Recent Posts

Help! Puppetd is eating my server!

4 minute read

This seems to be recurrent this last 3 or 4 days with a few #puppet, redmine or puppet-user requests, asking about why puppetd is consuming so much CPU and/or memory.

While I don’t have a definitive answer about why it could happen (hey all software components have bugs), I think it is important to at least know how to see what happens. I even include some common issues I myself have observed.

Know your puppetd

I mean, know what is puppetd doing. That’s easy, disable puppetd on the host where you have an issue, and try to run it manually in debug mode. I’m really astonished that almost nobody tries a debug run before complaining that something doesn’t work :-)

% puppetd --disable
% puppetd --test --debug --trace
... full output on the console ...

At the same time, monitor the CPU usage and look at the debug entries when most of the CPU is consumed.

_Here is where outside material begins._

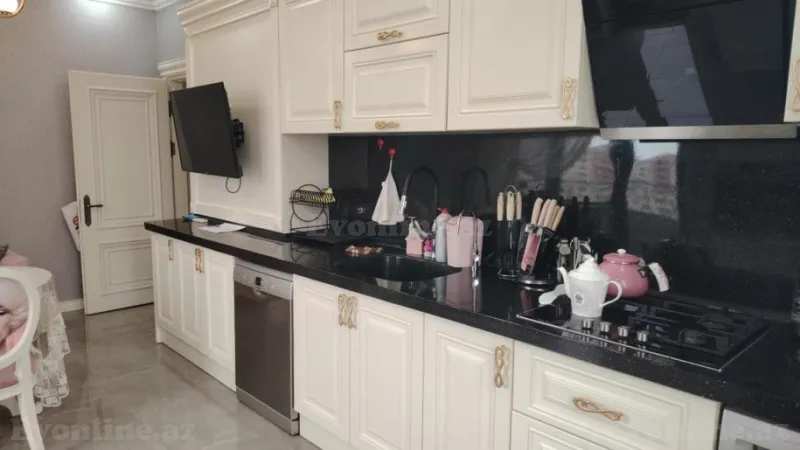 Kirayə verilir 2 otaqlı Mənzil Yeni tikili 120 m² İnşaatçılar m. - şəkil 10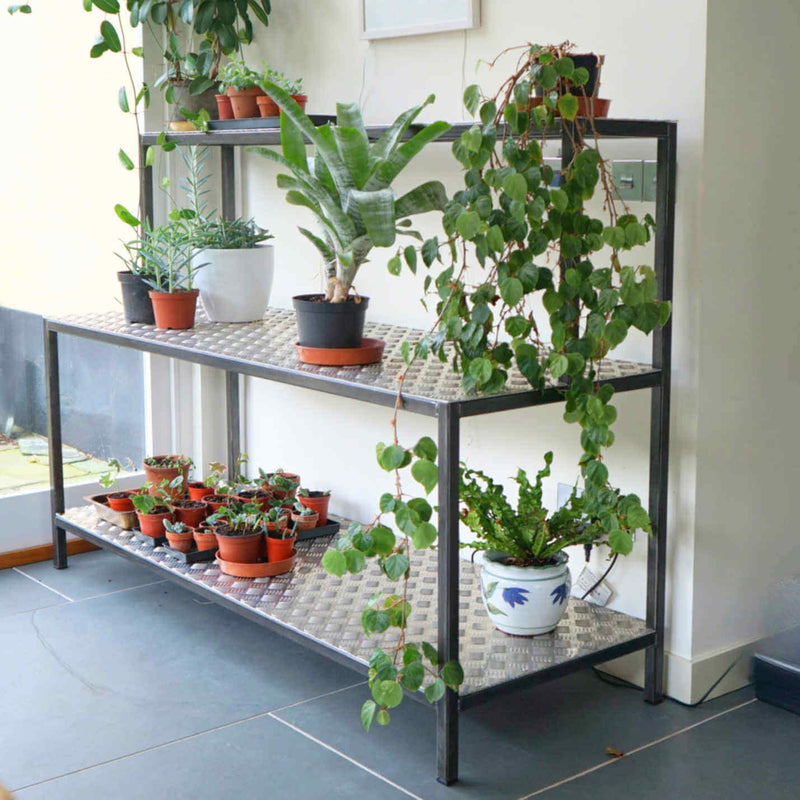 Plant potting table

If nothing is printed at this same moment, and it still uses CPU, CTRL-C the process, maybe it will print a useful stack trace that will help you (or us) understand what happens.

With this you will certainly catch things you didn’t intend (see below computing checksums when it is not necessary).

Inspect your ruby interpreter

I already mentioned this tip in my puppetmaster memory leak post a month ago. You can’t imagine how much useful information you can get with this tool.

Install as explained in the original article the ruby file into ~/.gdb/ruby, copy the following into your ~/.gdbinit:

define session-ruby
source ~/.gdb/ruby
end

Here I’m going to show how to do this with a puppetmasterd, but it is exactly the same thing with puppetd.

Basically, the idea is to attach gdb to the puppet process, halt it and look to the current stack trace:

% ps auxgww | grep puppetdpuppet
   28602  2.0  8.9 275508 184492 pts/3   Sl+  Feb19  65:25 ruby /usr/bin/puppetmasterd --debug
% gdb /usr/bin/ruby
GNU gdb 6.8-debian
Copyright (C) 2008 Free Software Foundation, Inc....
(gdb) session-ruby
(gdb) attach 28602
Attaching to program: /usr/bin/ruby, process 28602...

Now our gdb is attached to our ruby interpreter.

Lets see where we stopped:

(gdb) rb_backtrace
$3 = 34

Note: the output is displayed by default on the stdout/stderr of the attached process, so in our case my puppetmasterd. Going to the terminal where it runs (actually the screen):

...
        from /usr/lib/ruby/1.8/webrick/server.rb:91:in `select'
        from /usr/lib/ruby/1.8/webrick/server.rb:91:in `start'
        from /usr/lib/ruby/1.8/webrick/server.rb:23:in `start'
        from /usr/lib/ruby/1.8/webrick/server.rb:82:in `start'
        from /usr/lib/ruby/1.8/puppet.rb:293:in `start'
        from /usr/lib/ruby/1.8/puppet.rb:144:in `newthread'
        from /usr/lib/ruby/1.8/puppet.rb:143:in `initialize'
        from /usr/lib/ruby/1.8/puppet.rb:143:in `new'
        from /usr/lib/ruby/1.8/puppet.rb:143:in `newthread'
        from /usr/lib/ruby/1.8/puppet.rb:291:in `start'
        from /usr/lib/ruby/1.8/puppet.rb:290:in `each'
        from /usr/lib/ruby/1.8/puppet.rb:290:in `start'
        from /usr/sbin/puppetmasterd:285

It works! It is now easy to see what puppetd is doing:

  1. introspect your running and eating puppetd
  2. stop it (issue CTRL-C in gdb)
  3. rb_backtrace, copy the backtrace in a file
  4. issue ‘continue’ in gdb to let the process run again
  5. go to 2. several times

Examining the stack traces should give you hints (or us) to what your puppetd is doing at this moment.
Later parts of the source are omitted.